[Record excerpts]
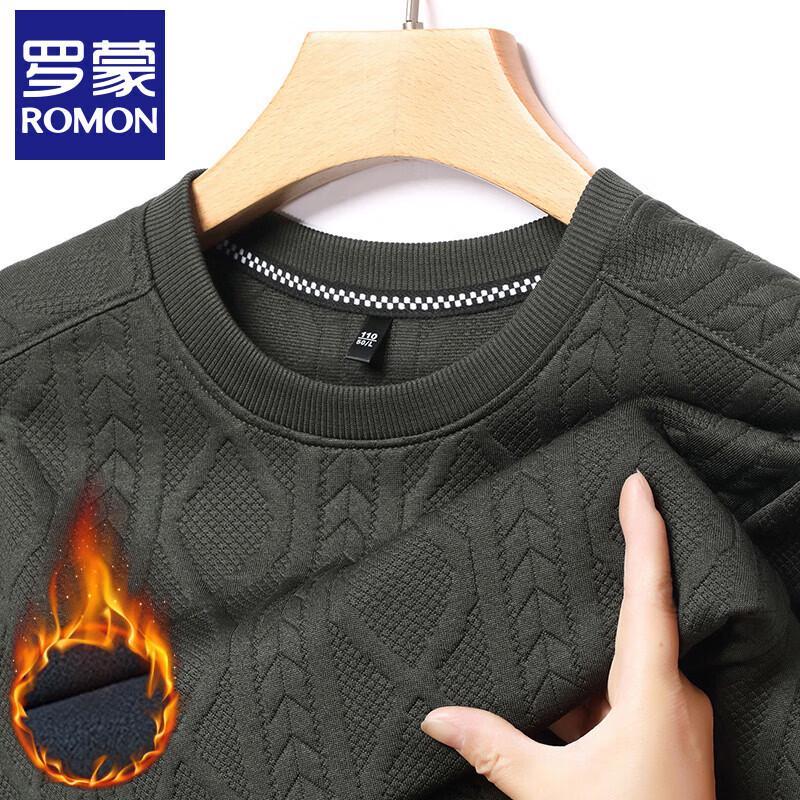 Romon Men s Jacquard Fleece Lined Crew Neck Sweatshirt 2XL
[/Record excerpts]
[Record excerpts]
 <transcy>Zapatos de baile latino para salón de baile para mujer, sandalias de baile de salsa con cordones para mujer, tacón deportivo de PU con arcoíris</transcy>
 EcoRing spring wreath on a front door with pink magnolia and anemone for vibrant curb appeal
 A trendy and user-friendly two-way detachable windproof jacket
[/Record excerpts]
### Action item
Everything above from the line containing "EcoRing spring wreath" down to the line containing "A trendy and" should be copied exactly, both end lines included, and nothing else.

### Answer to the exercise
 EcoRing spring wreath on a front door with pink magnolia and anemone for vibrant curb appeal
 A trendy and user-friendly two-way detachable windproof jacket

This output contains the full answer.